C’est dans l’obscurité que tout commence. Vous dormez avec votre femme et le shérif débarque en pleine nuit à votre domicile. Aveuglé par la lumière de sa lampe torche, vous êtes arrêté puis placé en garde à vue. Si ce qui précède devait vous arriver, ce serait pour vous un terrible cauchemar. Pour Richard et Mildred Loving, c’est ce qui leur est arrivé en juin 1958. Leur crime n’était pas celui d’avoir commis un vol, mais celui de s’aimer et de s’unir au sein d’une Amérique, marquée par son passé misogyne et raciste…

Après Take Shelter, Mud et Midnight Special, Jeff Nichols, soutenu par la documentariste Nancy Buirski, prouve une nouvelle fois qu’il est sensible à l’égard de personnes de nationalités opposées au sein d’une union ordinaire. Ici, il prend appui sur le documentaire The Loving Story, regorgeant d’images d’archive intimes, pour mettre en scène une romance singulièrement sobre et pudique entre une femme noire et un homme blanc. Ils s’aiment et vivent une belle histoire au milieu des années 1960, pendant que de nombreuses personnes ne voient pas leur relation d’un bon œil, persuadées qu’elle gêne l’Amérique.

À la fois discret et réservé, Joël Edgerton est Richard Loving. C’est un homme qui aime Ruth Negga en Mildred, une femme sage au sens de l’observation affûtée. Tous deux crèvent l’écran, par leur discrétion, leur perspicacité, leur sincérité. Jusqu’au jour où leur amour est mis à rude épreuve et perçu par l’État de Virginie comme une violation de la loi interdisant les relations entre personnes de races différentes (Racial Integrity Act de 1924). Pour la défense de son couple avec Mildred, Richard déclare « nous ne dérangeons personne » face à l’intimidant shérif Brooks (Marton Csokas) qui profite de sa loi absurde, pour l’inciter à divorcer, sous peine de prison.

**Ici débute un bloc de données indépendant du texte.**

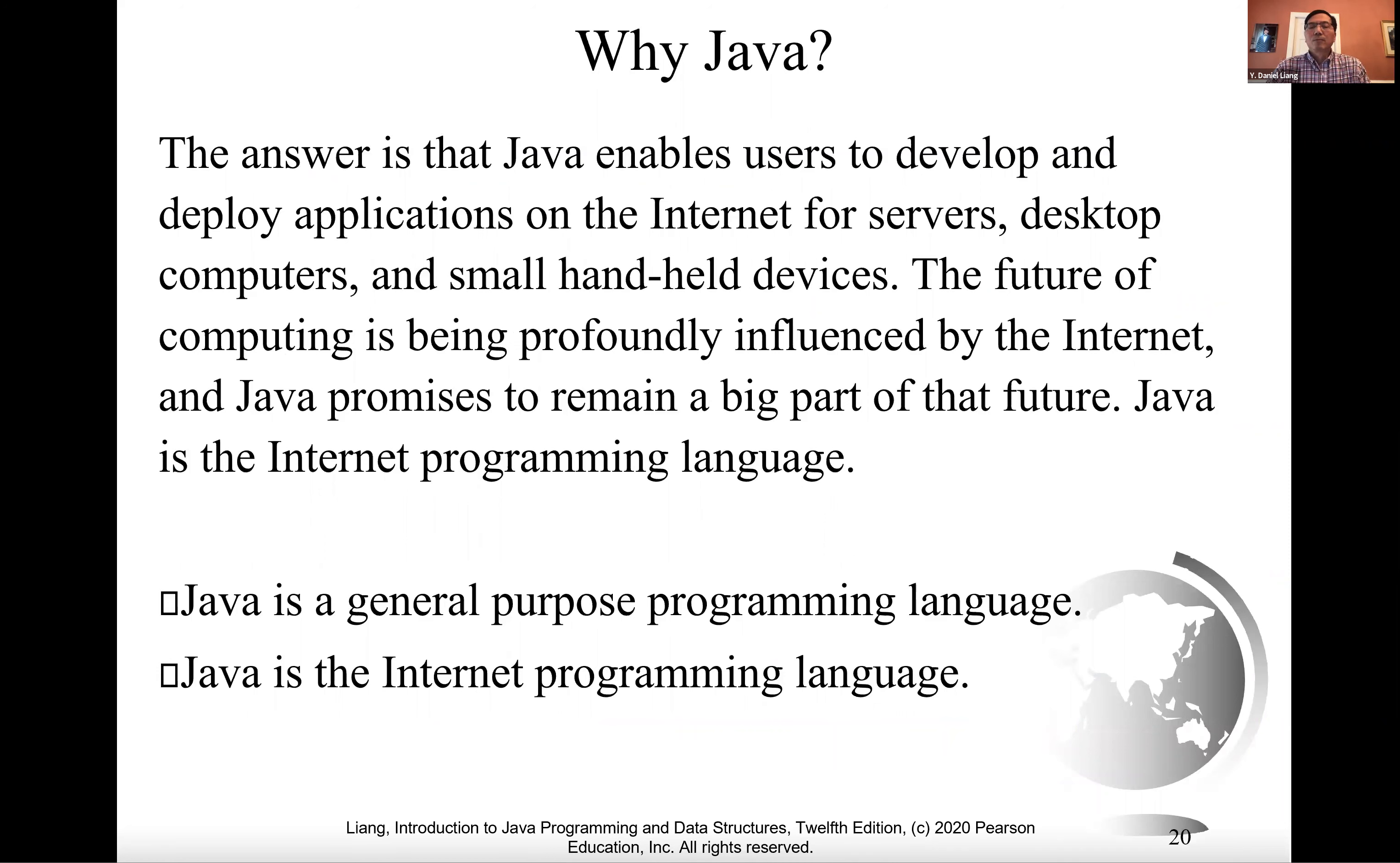We'll begin to introduce Java, its history and its features, its characteristics, in the next lecture.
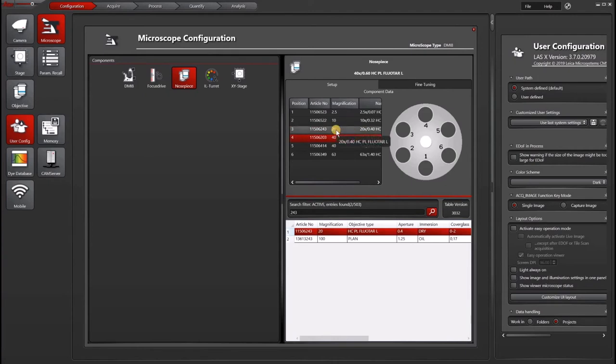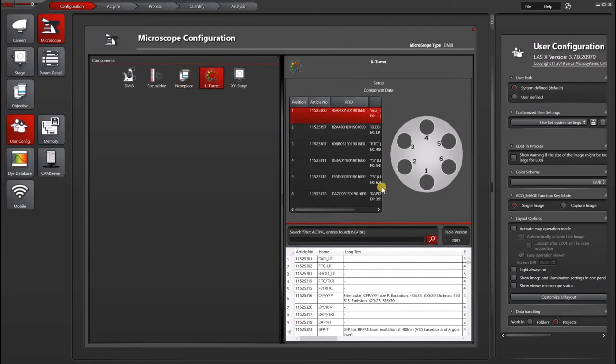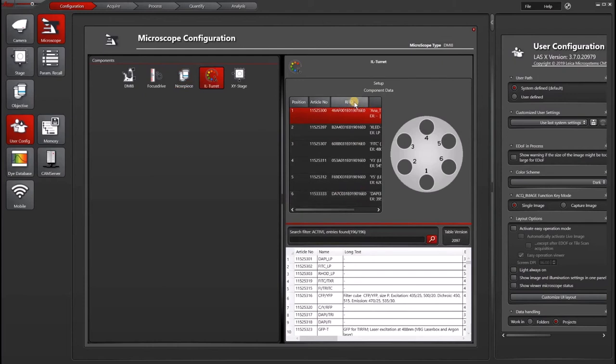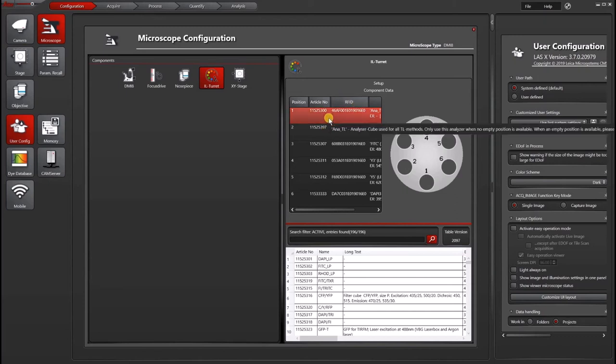Now to change your fluorescent filter cube, you can do the same thing. You can actually tell that on this particular microscope, it has RFID, which is a code that is read by the microscope stand. So it's intelligently designed such that you don't even have to enter the article number here. When you stick in the filter cube, it will automatically be read.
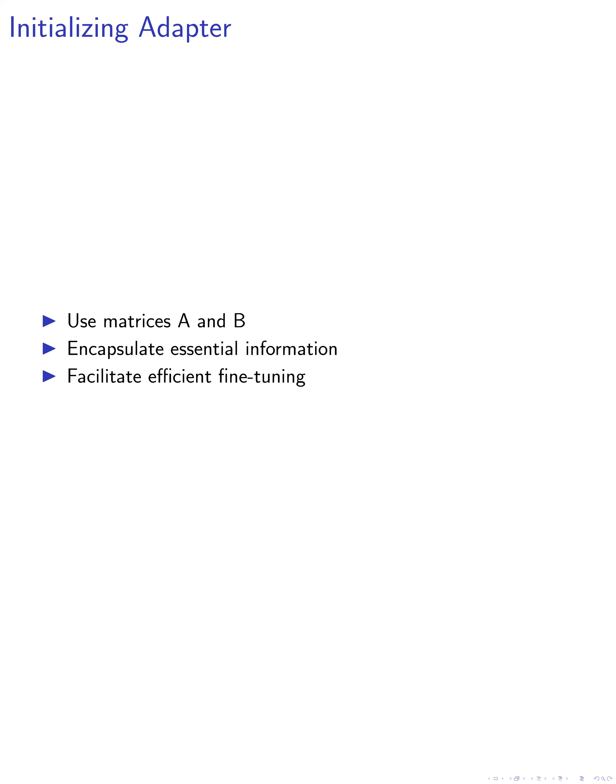Additionally, the residual singular values and vectors are utilized to construct the residual matrix, capturing non-essential information that can be fine-tuned alongside the adapter.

Lorsque l’avocat Bernie Cohen (Nick Kroll), impliqué dans l’Union américaine pour les libertés civiles, s’aperçoit que l’histoire du couple Loving ne dépend que de la perception du public et de l’évolution des mœurs, il décide de les aider à faire reconnaître leurs droits civiques. Michael Shannon apparaît comme le photographe attitré de Life qui est venu romancer le quotidien réel des Loving. Le 18 mars 1966, le public découvre alors les images emblématiques d’un couple de couleurs ordinaire qui s’aime tout en éduquant ses enfants. De la meilleure des manières qui soit.

Le 10 avril 1967, la décision de la Cour suprême des États-Unis s’empare du dossier des Loving, mené tambour battant par Bernie Cohen, et considère, à l’unanimité, la loi de 1924 comme inconstitutionnelle, mettant fin à toutes les lois de miscégénation dans l’État de Virginie.

Au cœur d’une histoire d’amour pudique et singulière, le directeur de la photographie, Adam Stone, retranscrit sur une période de 10 ans la période du couple de la meilleure des manières qui soit. D’une grande finesse d’esprit, Jeff Nichols se sert du travail de Adam Stone pour sublimer la romance des Loving sans que l’affaire juridico-raciale vienne ternir leur image discrète et pudique. Cela ne signifie pas qu’on ne ressent pas la tension au travers des personnes connaissant le couple, bien au contraire, on est là avec elles du début à la fin. La complexité de cette affaire n’est finalement rien face à ce que Richard et Mildred Loving ressentent au fond d’eux-mêmes. Elle ne se résume qu’au travers des paroles de l’épouse : « il a pris soin de moi ». Ce sont des paroles qui symbolisent la puissance d’un amour difficile, mais authentique et marquant pour les États-Unis d’Amérique qui fut contraint de revoir sa Constitution. Cet amour, portant le nom Loving, est une belle et émouvante révolution en matière de droits civiques de tout un chacun, quelles que soient les origines raciales. L’amour peut enfin transcender la misogynie et le racisme. Enfin.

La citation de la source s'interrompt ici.